**EXERCISE DATA:**
● ● ● ● ● ● ●
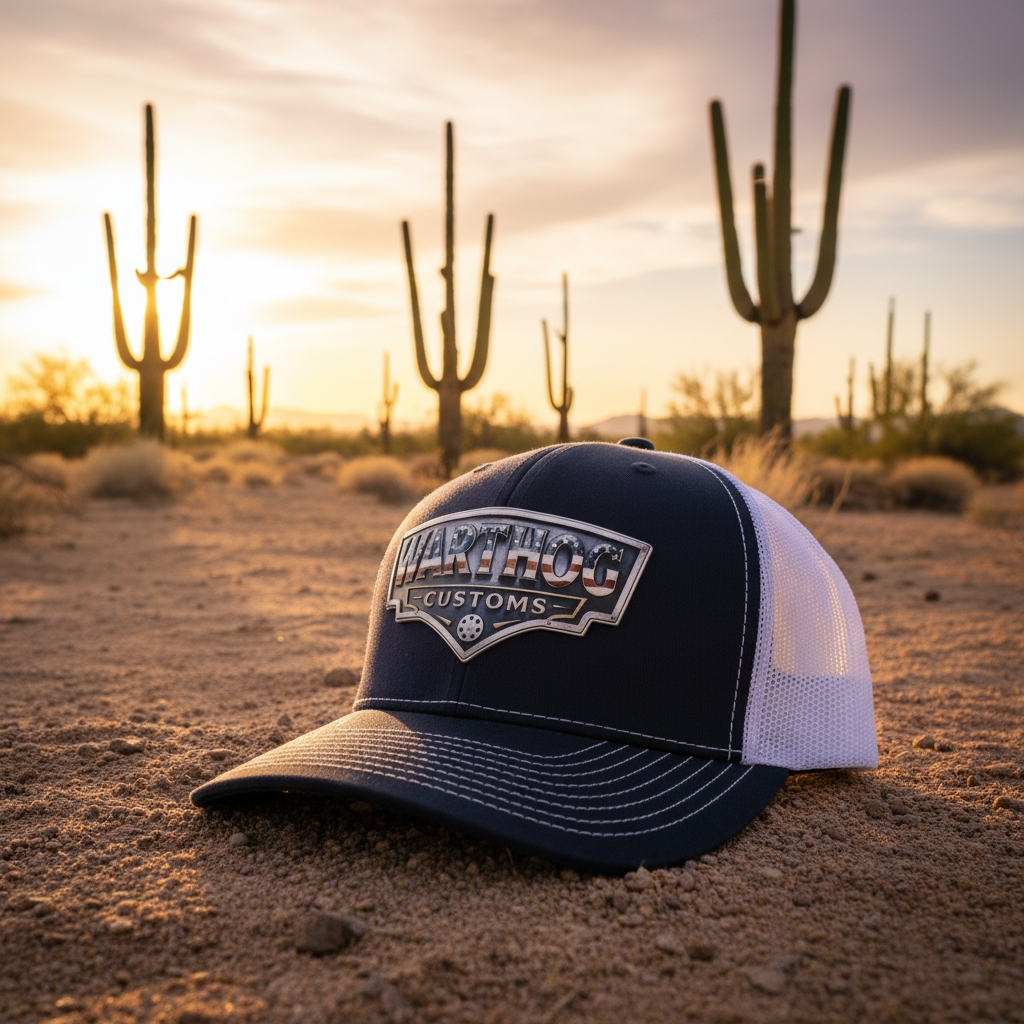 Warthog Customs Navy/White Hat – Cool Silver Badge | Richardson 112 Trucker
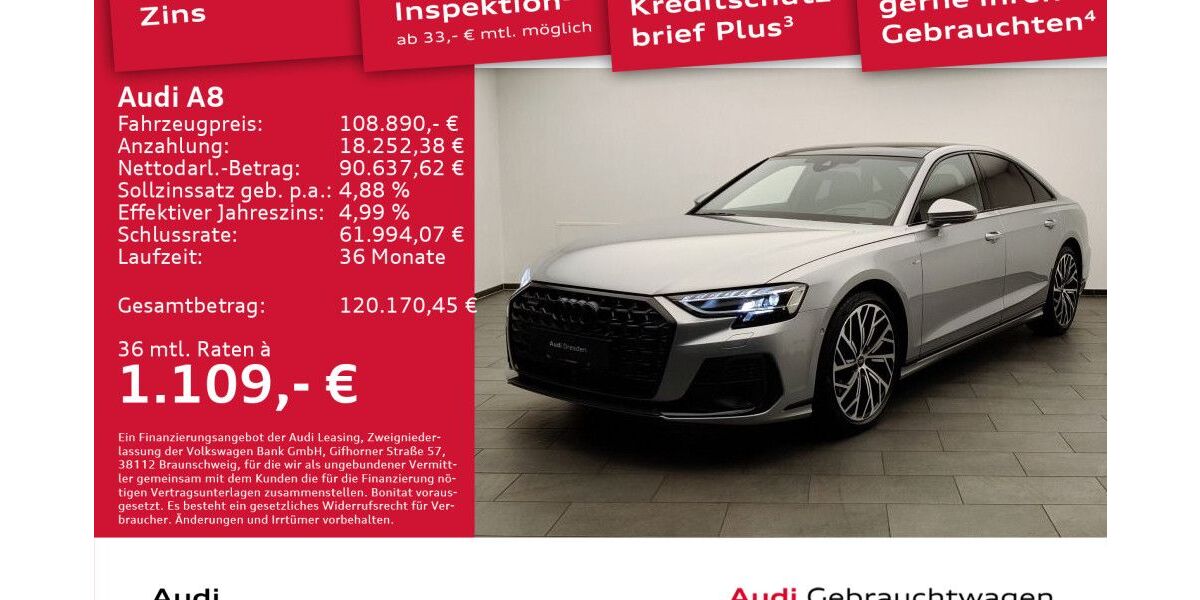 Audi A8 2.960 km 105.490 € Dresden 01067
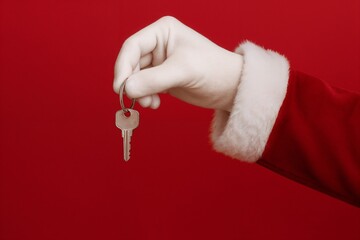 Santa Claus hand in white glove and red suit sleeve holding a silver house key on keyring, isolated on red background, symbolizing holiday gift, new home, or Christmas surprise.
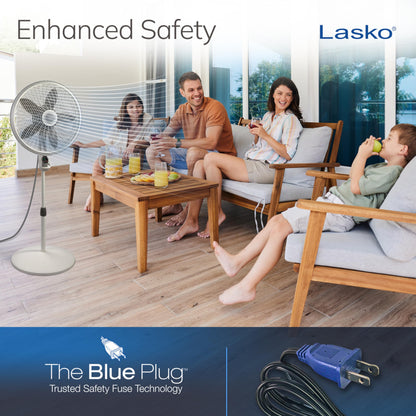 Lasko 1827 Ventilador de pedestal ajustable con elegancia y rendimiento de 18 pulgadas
● ● ● ● ● ● ●
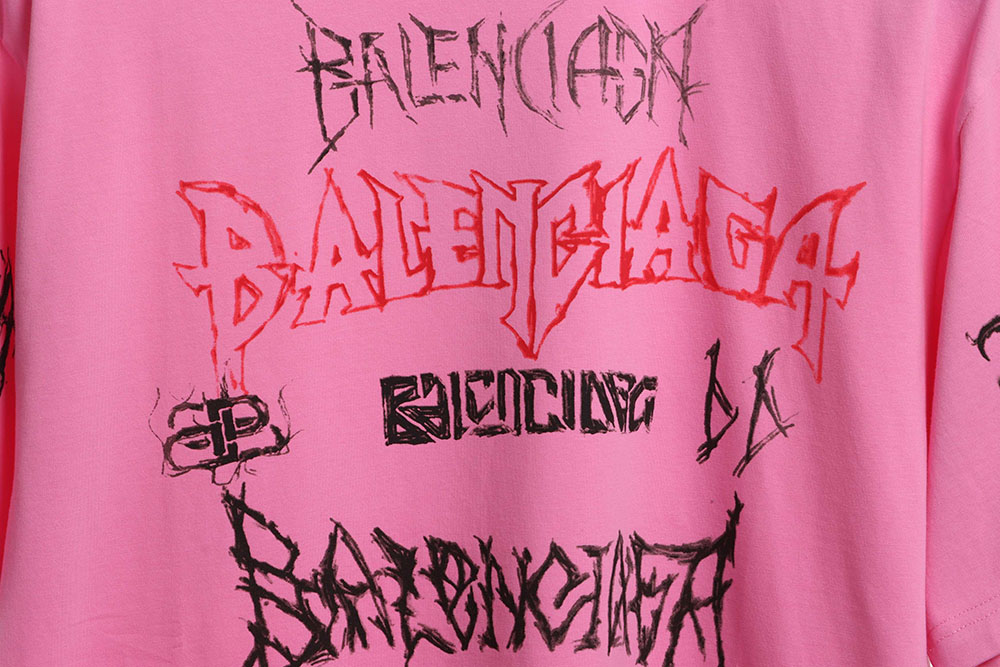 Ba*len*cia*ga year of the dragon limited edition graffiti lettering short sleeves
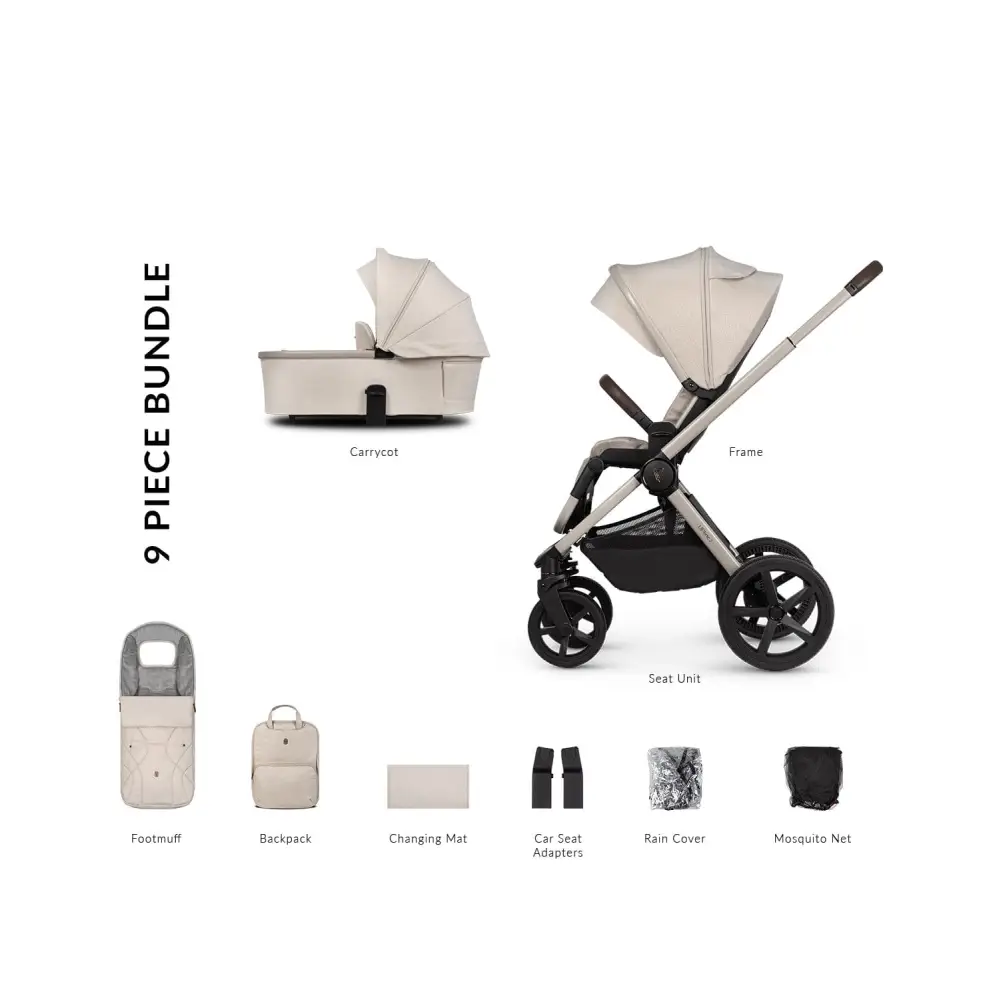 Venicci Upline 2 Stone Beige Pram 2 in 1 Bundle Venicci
● ● ● ● ● ● ●
**PROBLEM TO WORK ON:**
Please output, exactly as written, the lines above from the one holding "Santa Claus hand" through the one holding "Lasko 1827 Ventilador", both included, with the pictures omitted.

**EXPECTED ANSWER:**
 Santa Claus hand in white glove and red suit sleeve holding a silver house key on keyring, isolated on red background, symbolizing holiday gift, new home, or Christmas surprise.
 Lasko 1827 Ventilador de pedestal ajustable con elegancia y rendimiento de 18 pulgadas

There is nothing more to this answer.